When Henderson’s two weeks are up, he will head home to his wife and kids in Georgia, where he now lives. Few workers in the Bakken oil field are from North Dakota. The Bakken boom is occurring in one of the most sparsely populated parts of the country. The population of the entire western part of the state could fit in a college football stadium. The largest operator of these man camps will soon house one out of every hundred North Dakotans.
Sly Henderson’s story is typical. “Everyone comes for the money. Everyone comes because they’re out of work,” says Byington. “The guys who make it, who stick around, come from a working background. They’re used to working hard for long hours.” The same could be said for the companies that are drilling wells. Byington grew up on a farm west of here. His uncle raised cattle, grain, and potatoes. When his stint is over, he gets in his pickup truck and drives ten hours west to his wife and two children in Idaho Falls, Idaho. He is considering moving them to a nearby town in North Dakota, but there are so many new oil-field workers that rents have shot up.

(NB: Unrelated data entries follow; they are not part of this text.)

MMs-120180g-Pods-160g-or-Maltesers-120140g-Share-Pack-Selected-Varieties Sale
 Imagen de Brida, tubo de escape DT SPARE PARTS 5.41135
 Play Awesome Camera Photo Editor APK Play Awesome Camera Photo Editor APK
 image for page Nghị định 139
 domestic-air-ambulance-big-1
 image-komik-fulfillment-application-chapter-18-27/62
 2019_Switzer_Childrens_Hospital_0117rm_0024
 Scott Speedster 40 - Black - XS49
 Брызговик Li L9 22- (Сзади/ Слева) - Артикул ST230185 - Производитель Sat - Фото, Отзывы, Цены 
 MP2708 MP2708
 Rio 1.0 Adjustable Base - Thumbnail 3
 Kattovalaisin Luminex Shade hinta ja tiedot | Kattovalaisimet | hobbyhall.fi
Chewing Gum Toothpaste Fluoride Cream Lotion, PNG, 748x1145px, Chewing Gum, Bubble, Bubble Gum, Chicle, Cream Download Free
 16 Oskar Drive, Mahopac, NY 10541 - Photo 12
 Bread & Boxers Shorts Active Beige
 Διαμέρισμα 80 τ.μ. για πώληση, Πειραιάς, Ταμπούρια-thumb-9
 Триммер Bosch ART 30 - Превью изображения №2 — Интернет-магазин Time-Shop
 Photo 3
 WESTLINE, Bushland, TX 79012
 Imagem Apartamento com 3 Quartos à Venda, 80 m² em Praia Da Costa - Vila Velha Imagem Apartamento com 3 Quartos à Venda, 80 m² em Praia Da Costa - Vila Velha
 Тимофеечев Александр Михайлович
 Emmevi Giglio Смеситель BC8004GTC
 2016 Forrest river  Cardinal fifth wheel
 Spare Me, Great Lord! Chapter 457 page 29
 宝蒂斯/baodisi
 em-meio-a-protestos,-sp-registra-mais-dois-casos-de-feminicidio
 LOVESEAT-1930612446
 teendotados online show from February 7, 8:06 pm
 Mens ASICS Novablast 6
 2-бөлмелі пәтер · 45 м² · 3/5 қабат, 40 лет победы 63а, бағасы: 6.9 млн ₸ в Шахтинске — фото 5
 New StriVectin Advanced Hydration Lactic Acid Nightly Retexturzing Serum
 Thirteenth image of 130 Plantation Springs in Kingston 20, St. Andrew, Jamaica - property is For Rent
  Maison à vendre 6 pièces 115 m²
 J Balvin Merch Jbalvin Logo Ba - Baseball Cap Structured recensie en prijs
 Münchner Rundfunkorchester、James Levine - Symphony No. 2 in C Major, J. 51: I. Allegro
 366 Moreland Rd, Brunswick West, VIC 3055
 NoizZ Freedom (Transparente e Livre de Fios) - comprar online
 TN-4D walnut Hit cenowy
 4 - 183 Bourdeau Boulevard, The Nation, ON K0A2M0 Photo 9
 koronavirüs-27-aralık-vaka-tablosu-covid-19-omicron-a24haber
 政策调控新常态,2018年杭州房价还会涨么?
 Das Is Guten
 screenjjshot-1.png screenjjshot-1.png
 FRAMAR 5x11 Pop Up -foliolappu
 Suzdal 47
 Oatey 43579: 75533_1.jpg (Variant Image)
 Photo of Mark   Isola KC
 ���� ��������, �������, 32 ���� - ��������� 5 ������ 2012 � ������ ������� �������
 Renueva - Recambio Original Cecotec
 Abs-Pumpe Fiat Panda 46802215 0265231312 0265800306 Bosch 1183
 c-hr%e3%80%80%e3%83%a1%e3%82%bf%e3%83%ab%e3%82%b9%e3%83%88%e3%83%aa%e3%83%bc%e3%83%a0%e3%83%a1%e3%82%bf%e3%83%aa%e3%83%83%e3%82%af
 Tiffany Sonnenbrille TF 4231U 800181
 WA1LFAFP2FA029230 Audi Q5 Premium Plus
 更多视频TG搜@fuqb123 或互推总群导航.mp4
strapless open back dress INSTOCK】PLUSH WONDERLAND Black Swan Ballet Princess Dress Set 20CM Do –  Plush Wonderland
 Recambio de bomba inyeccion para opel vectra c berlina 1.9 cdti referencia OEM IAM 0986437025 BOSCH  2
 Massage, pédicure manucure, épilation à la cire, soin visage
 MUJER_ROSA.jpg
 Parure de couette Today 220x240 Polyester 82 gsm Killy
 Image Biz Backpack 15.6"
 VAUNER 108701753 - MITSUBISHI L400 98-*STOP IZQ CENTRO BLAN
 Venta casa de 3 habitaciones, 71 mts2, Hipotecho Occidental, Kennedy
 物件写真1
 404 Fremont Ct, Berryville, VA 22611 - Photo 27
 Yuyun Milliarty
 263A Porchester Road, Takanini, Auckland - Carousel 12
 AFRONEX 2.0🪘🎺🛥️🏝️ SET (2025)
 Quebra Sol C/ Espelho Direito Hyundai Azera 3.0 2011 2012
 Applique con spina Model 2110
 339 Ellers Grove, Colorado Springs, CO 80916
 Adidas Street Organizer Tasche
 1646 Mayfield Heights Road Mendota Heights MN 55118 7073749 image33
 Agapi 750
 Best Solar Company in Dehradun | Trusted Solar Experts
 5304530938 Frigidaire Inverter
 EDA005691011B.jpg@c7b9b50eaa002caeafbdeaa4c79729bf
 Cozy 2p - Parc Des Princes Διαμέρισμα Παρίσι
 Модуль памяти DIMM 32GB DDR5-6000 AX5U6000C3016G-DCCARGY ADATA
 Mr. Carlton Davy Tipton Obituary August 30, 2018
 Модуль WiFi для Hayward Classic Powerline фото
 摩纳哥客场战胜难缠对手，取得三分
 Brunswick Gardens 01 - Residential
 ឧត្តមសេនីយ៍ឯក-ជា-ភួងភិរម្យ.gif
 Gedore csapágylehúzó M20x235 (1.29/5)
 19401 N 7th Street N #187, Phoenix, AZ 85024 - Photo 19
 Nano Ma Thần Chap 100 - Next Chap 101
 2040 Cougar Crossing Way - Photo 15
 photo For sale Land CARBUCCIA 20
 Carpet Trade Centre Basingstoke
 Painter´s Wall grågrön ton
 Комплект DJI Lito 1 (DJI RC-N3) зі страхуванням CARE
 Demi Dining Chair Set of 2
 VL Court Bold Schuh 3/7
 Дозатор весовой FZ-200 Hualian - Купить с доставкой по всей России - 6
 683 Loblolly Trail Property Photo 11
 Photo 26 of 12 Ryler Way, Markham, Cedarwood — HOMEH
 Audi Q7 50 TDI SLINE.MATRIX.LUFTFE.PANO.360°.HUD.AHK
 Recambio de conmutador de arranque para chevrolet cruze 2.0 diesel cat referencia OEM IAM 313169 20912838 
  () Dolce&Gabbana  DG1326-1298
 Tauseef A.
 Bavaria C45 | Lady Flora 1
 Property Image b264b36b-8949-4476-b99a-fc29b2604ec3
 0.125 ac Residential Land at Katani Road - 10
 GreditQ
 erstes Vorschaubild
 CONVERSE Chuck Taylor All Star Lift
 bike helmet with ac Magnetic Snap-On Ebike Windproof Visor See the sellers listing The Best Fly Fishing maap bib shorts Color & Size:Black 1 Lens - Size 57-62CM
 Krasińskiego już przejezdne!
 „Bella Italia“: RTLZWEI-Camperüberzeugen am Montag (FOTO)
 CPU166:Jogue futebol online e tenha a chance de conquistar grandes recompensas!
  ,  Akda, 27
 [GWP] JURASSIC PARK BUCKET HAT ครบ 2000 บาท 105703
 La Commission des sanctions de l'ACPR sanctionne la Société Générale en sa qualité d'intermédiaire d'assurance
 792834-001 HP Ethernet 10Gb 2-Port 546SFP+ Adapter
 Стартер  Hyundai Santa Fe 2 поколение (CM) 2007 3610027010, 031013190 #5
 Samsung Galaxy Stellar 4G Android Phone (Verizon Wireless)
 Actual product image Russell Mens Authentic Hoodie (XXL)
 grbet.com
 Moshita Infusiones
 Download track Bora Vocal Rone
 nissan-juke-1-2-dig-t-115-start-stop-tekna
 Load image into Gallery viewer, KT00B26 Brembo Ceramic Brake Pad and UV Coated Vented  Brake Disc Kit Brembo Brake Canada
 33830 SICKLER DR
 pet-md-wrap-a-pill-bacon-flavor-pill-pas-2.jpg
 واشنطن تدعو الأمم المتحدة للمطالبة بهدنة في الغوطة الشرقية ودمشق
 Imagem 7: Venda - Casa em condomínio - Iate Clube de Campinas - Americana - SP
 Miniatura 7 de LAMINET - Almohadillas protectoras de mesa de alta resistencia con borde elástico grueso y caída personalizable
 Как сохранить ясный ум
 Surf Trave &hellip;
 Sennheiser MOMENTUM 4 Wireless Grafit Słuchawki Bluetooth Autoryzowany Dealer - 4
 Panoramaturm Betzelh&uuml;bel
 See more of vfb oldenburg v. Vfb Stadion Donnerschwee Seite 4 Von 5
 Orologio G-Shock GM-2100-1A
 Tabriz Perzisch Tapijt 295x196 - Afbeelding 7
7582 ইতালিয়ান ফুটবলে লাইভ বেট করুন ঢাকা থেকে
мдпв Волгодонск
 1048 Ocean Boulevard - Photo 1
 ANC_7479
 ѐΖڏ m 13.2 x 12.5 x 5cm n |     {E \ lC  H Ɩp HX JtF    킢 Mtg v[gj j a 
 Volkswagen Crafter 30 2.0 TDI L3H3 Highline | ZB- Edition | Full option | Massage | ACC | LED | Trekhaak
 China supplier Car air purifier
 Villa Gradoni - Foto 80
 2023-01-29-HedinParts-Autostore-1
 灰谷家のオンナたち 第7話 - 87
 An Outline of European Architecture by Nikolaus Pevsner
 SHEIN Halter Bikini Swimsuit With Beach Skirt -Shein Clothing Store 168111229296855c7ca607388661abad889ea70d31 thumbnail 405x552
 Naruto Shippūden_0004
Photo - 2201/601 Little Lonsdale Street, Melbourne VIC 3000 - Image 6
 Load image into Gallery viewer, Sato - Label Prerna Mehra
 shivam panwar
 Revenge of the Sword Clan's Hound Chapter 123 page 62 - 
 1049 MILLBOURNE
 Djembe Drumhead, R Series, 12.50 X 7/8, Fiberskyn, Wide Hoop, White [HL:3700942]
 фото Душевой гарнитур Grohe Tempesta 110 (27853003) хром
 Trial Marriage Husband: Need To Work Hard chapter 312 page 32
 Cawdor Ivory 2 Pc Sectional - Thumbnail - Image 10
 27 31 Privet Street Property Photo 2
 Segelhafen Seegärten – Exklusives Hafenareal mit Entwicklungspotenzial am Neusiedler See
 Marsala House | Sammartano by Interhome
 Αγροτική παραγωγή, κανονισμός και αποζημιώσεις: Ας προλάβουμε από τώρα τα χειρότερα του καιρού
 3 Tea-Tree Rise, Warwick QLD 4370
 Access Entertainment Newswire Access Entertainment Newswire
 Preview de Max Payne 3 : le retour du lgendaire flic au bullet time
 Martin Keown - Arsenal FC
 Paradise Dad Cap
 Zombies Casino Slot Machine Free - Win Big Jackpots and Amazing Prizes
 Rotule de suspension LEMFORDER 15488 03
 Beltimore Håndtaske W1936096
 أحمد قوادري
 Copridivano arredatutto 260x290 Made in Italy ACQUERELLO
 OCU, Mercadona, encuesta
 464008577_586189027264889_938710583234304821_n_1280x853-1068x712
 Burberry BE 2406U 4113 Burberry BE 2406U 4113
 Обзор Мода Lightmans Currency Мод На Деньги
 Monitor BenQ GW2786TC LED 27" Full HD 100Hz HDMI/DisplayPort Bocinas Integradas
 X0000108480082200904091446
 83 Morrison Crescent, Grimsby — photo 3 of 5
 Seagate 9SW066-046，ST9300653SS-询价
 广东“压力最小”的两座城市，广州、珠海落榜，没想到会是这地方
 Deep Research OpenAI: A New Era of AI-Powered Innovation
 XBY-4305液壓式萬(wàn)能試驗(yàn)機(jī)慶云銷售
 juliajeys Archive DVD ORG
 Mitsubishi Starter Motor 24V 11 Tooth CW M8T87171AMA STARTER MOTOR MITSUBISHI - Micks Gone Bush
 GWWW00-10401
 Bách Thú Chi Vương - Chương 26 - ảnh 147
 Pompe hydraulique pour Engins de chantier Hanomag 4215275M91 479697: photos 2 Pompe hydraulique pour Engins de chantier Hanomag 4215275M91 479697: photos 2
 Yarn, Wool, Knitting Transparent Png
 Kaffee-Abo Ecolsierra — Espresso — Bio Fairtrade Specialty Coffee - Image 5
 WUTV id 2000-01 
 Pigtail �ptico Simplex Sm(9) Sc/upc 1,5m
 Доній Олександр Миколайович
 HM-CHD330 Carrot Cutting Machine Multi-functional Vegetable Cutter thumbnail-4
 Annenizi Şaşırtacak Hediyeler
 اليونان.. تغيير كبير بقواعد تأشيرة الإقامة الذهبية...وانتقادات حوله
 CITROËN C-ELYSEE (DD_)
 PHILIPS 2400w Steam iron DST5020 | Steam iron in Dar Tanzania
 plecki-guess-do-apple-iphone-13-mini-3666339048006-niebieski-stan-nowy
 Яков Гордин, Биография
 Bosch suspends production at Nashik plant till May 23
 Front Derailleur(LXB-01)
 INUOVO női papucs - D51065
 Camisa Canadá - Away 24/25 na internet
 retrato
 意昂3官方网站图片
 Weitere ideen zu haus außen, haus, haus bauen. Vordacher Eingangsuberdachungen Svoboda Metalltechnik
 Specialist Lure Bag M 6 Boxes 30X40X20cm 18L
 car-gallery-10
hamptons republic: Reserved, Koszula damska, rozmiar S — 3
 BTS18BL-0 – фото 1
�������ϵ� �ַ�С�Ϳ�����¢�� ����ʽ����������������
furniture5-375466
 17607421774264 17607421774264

For Byington, the oil field was a career that began when he was nineteen years old. A few days after graduating high school, he went to work for a road paving company in Rock Springs, Wyoming, where his mother had a job. After a couple months, Byington lost the job in a round of layoffs. He put in an application at a car dealership in town and then walked into the local office of an oil-field service company. “By the time I was finished with my application,” he says, “I was hired.” That was twenty years ago, and he has never left the oil fields. He followed oil-field work around the western states and ended up in North Dakota. He has driven trucks and checked water levels. He spent a winter working on top of the giant blender, making sure that the liquid was mixing with the sand, while trying to keep his numbed fingers from hurting too badly. He worked in the chemical van, where the saccharine smells from giant silver boxes of chemicals bothered him. Whenever something broke, Byington wanted to take it apart and fix it so he could understand how it worked. His work ethic earned him promotions.
By the time the Bakken oil field began to boom, he had risen to the top job on a fracking crew. Byington has a calmness about him, even when subordinates get frazzled. On the Irene Kovaloff, one delay followed another. After the gasket on the pumper truck is replaced, a safety valve designed to regulate pressure in the metal pipes doesn’t work. It needs to be swapped out. As time passed and daylight ebbs away, Sly Henderson’s politeness starts mixing with aggravation. When his order to turn on a stand of four halogen lights isn’t met with a quick response, he barks into his headset, “Gerard! Would you please go get the goddamn lights?” After a two-hour delay, the crew is ready to frack. The workers have built a factory on a promontory in an ocean of prairie grass in two or three days. After the job is done, it will be disassembled and moved a few miles to the next job.